Nothing has Changed
Sixty years ago:
Jawaharlal Nehru wrote about the caste system in India in The Discovery of India:
The caste system does not stand by itself; it is a part, and an integral part, of a much larger scheme of social organisation. It may be possible to remove some ot its obvious abuses and to lessen its regidity, and yet to leave the system intact. But that is highly unlikely, as the social and economic forces at play are not much concerned with this superstructure; they are attacking it at the base and undermining the other supports which held it up.
The first question that struck me when I read this was: have things changed? The answer was an obvious no.
This was written at a time when India was knocking on the doors of self-reliance. There were leaders like Dr BR Ambedkar changing the fates of people oppressed by the caste system. India has since been able to overcome (to varying extents) so many of it economic problems on its own–poverty, lack of industrialisation, food security and so on. But the caste system (i.e. its evils) continue to thrive.
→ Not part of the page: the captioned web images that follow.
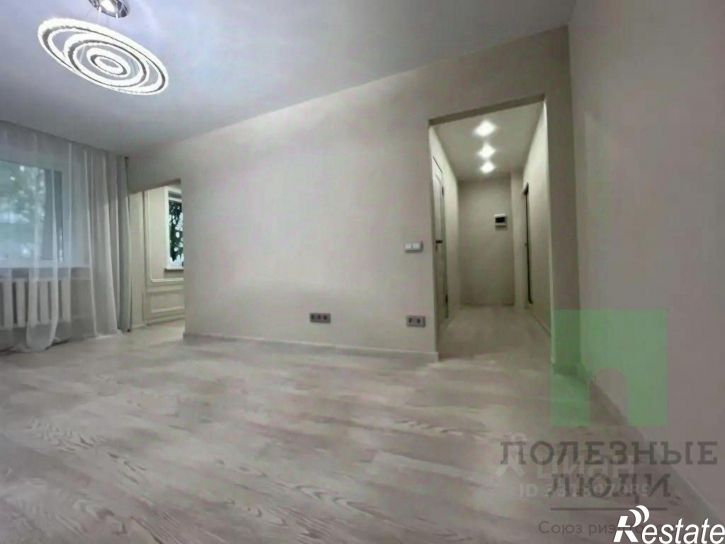 2-комн квартира ул Анциферова, 13,  д. 13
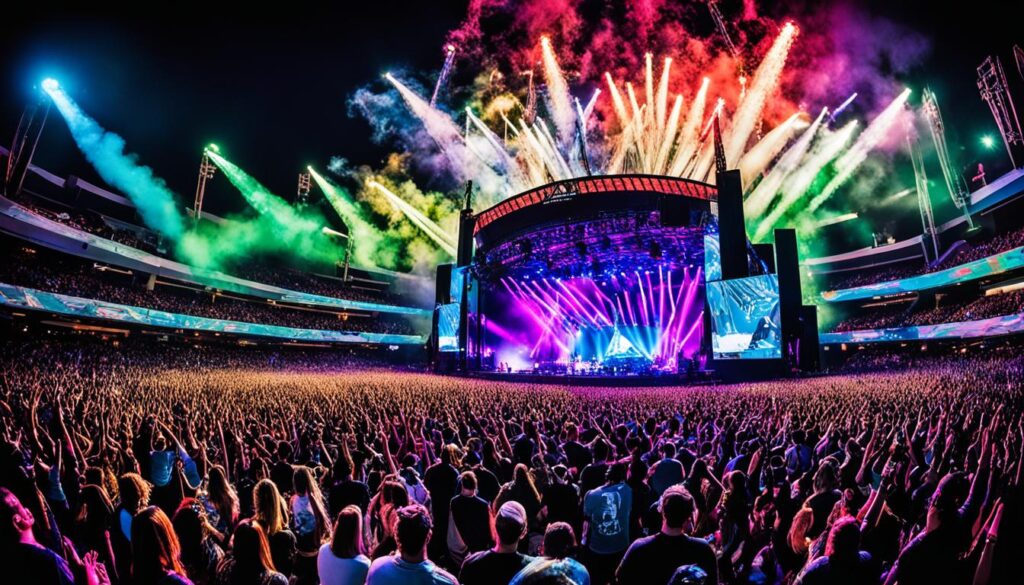 music events in Anaheim music events in Anaheim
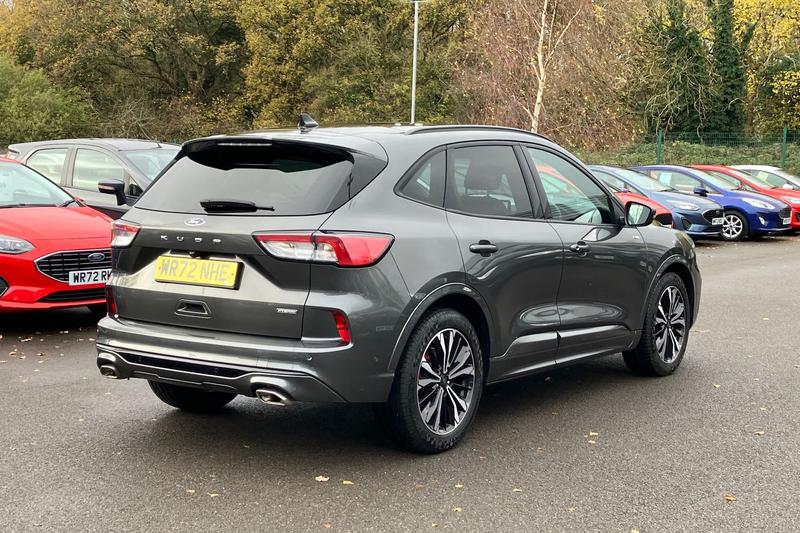 Used Ford Kuga 2022 for sale - 76819065: Photo 38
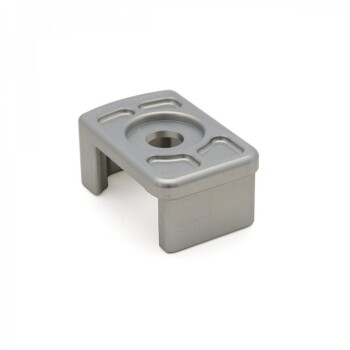 Billet Aluminum Dogbone Mount Insert for Audi TTRS...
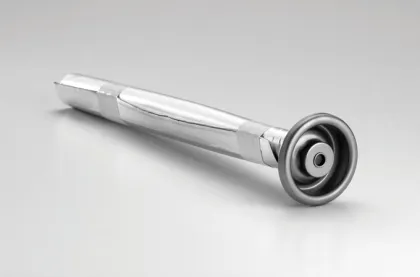 spray valve actuator female male aerosol valves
If anything, today’s India is more burdened by them than the one 60 years ago.
Reservations on the basis of castes in government organisations are omnipresent. Politicians continue to exploit people on the basis of their castes to garner votes. One of the shining examples of this is Maharani Mayawati. She unveiled her own statue a couple of days back. Rahul Gandhi, the heir apparent in the backbone-less Congress (I), is going from one Dalit village to another trying to woo them. None of them have done anything to remove the evils of caste system.
Yet, it would be safe to say that in many parts of India, the caste of a person does not matter much, especially in the big cities and in the private sector. Things have indeed gotten better for the dalits, but only the ones who have educated themselves / their next generation.
The status quo from 60 years ago, remains.
Lyrics for the moment:
Hairat ho sabko, aisa ajooba hai mera jahaan.